It has to challenge large systems twice, first in the locality and then as a planetary idea. Even in battling or creating work one must have an emerging theory of peace. Satyagraha cannot be sequestered as an applied social work project because ethics has to be political responding to wider issues.
One must remember that Gandhi's satyagrahi was an imagination. Gandhi's ashrams were laboratories where one invented alternative possibilities while the world slept. It was the one place where everydayness as invention as rhythm talked to the future. Gandhi was no luddite. William Shirer in his biography of Gandhi narrates that the loud speaker was introduced for the first time in a rally addressed by Gandhi.

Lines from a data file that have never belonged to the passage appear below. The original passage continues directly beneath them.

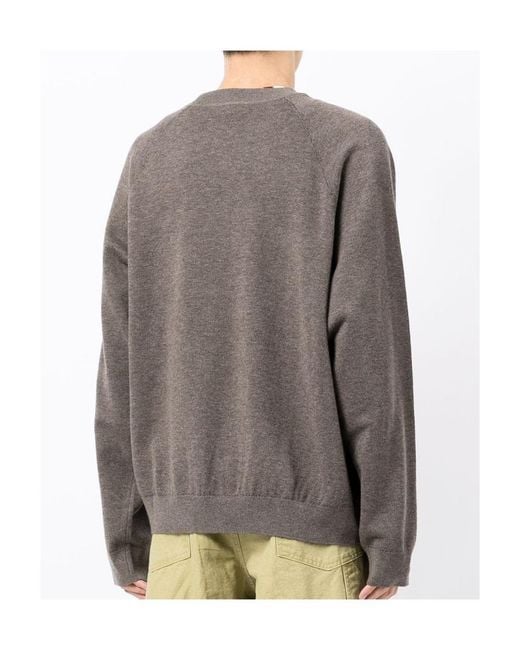 KENZO Gray Logo Print Crewneck Jumper for men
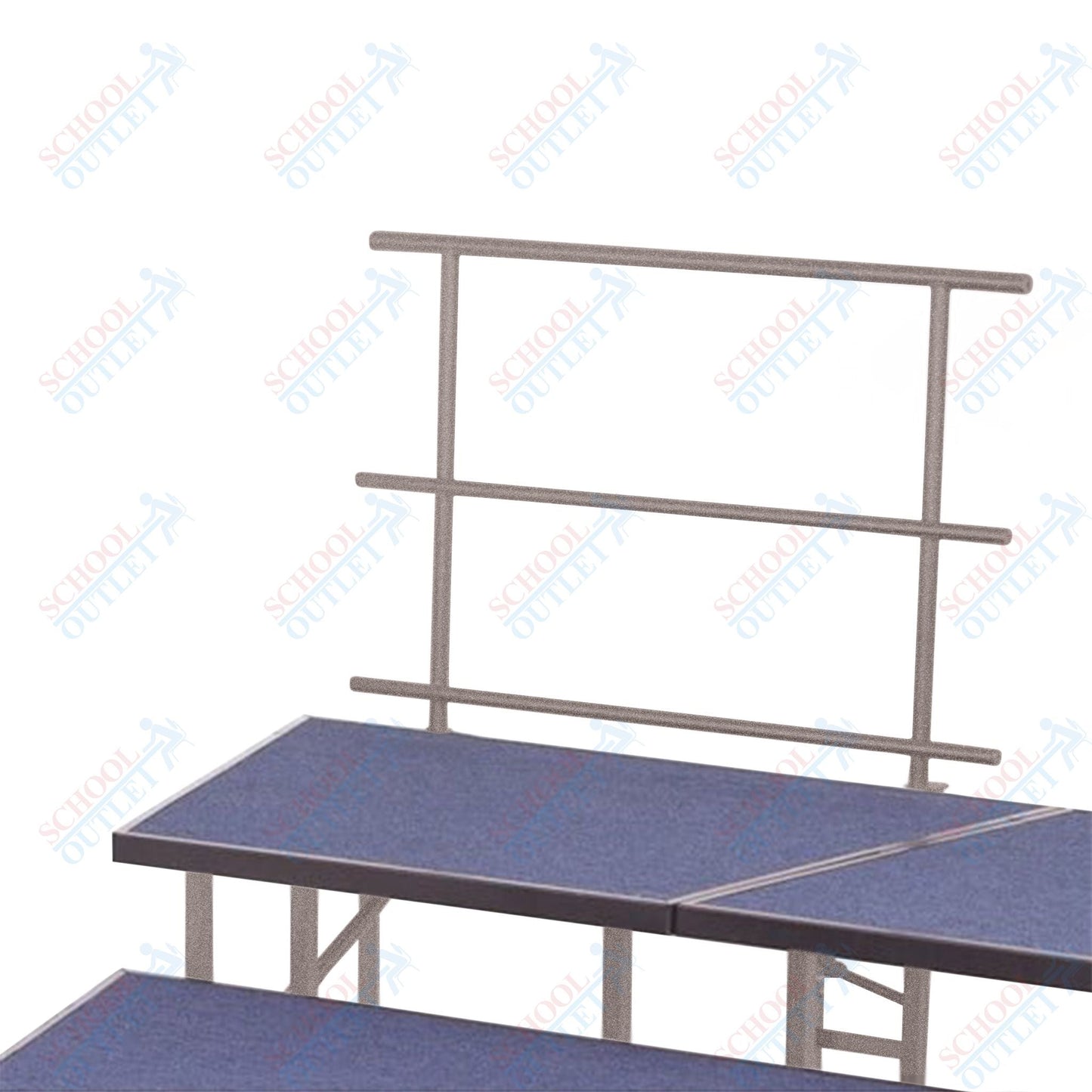 AmTab Stage and Riser Guard Rail - Chair Stop - 25"W x 31" H (AmTab AMT-STGR25) - SchoolOutlet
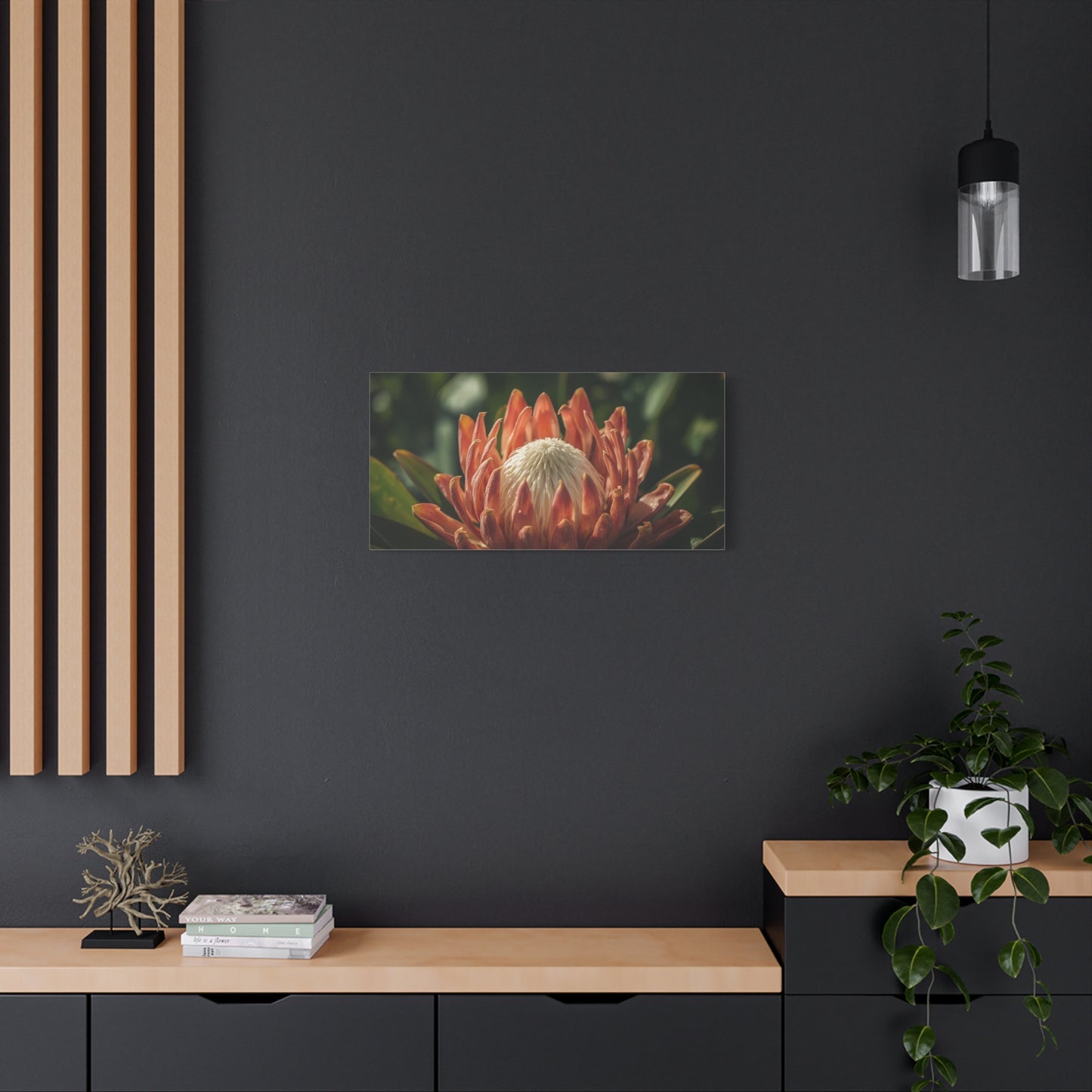Protea Flower Canvas Wall Art - Botanical Floral Close Up, Soft Golden Light - Matte Cotton Print, Contemporary Style - Bedroom Decoration, Living Room Accent, Spa Wall Decor - Bedroom Home Decoration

His charkha was not a traditional tool but something reinvented several times. But Gandhi's craft like his ethics followed a linguistic rather than a techno-innovative model. He was sensitive to displacement, waste, obsolescence. His technology spoke dialects rather than attempt to create standardised forms. In fact, it challenged us to return to ethics, he wanted ethics to be more inventive than mere techniques. His creativity demanded that innovation should be more than instrumental. Every man than becomes a craftsmen creating a new commons of ideas to be shared. There is none of the hypocrisy of intellectual property rights which confuses need and greed.

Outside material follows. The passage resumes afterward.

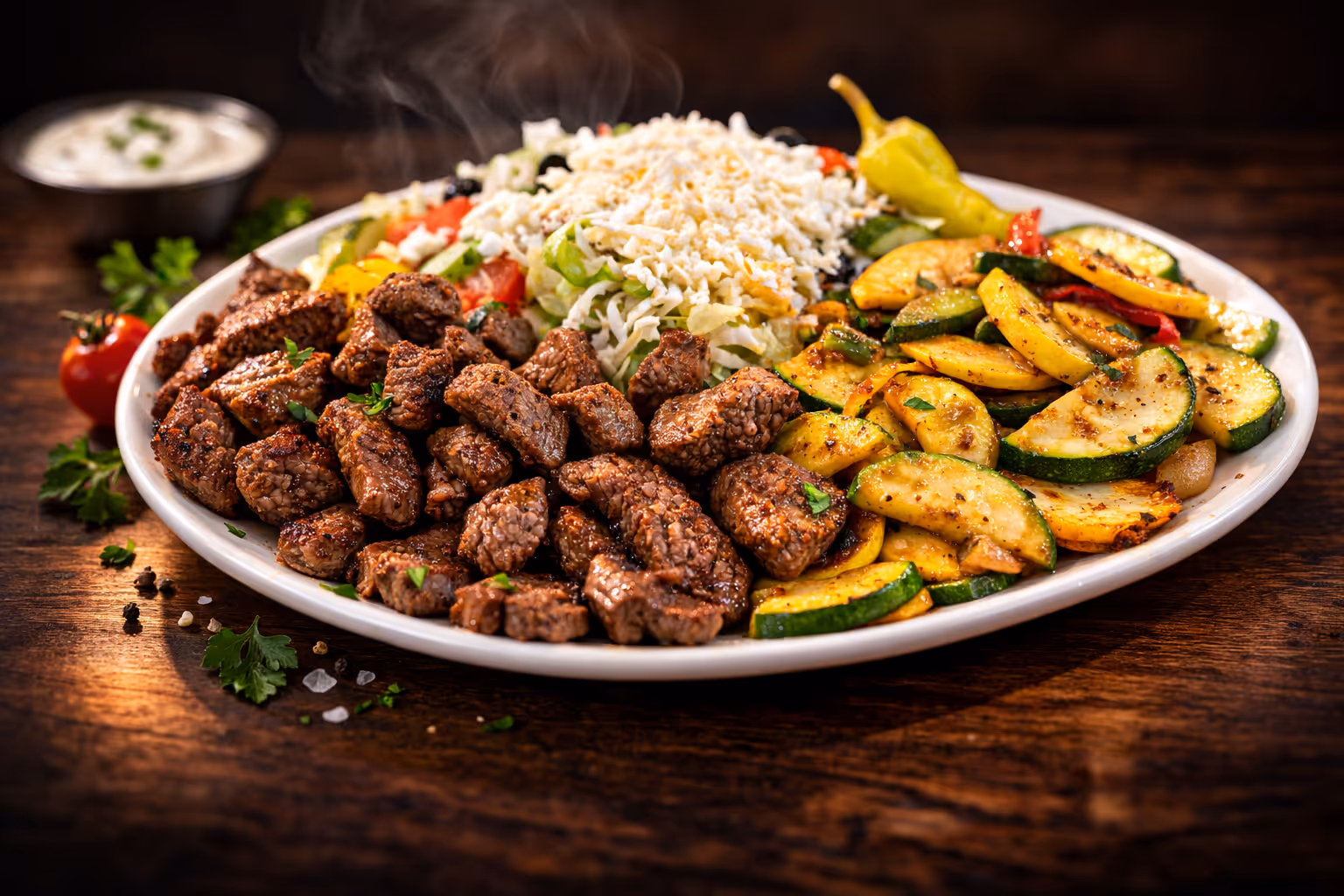 Beef Dish with veges and Greek salad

Such a world goes beyond the make-in-India model which only wants to manufacture but fails to ask ethical, ecological questions, where productivity displaces justice. A cosmetic Gandhi threatens India twice, first as a farce and second as a tragedy.
The man haunts me. His experiments fascinate me. He demands the storyteller. I feel his magic. He made mistakes. He knew it. He did not ask us to repeat it. His leadership appealed to the ethics of my generation. I feel it is time to reinvent it. One senses a world ready for the poetry of it. This essay is a prayer for that other world.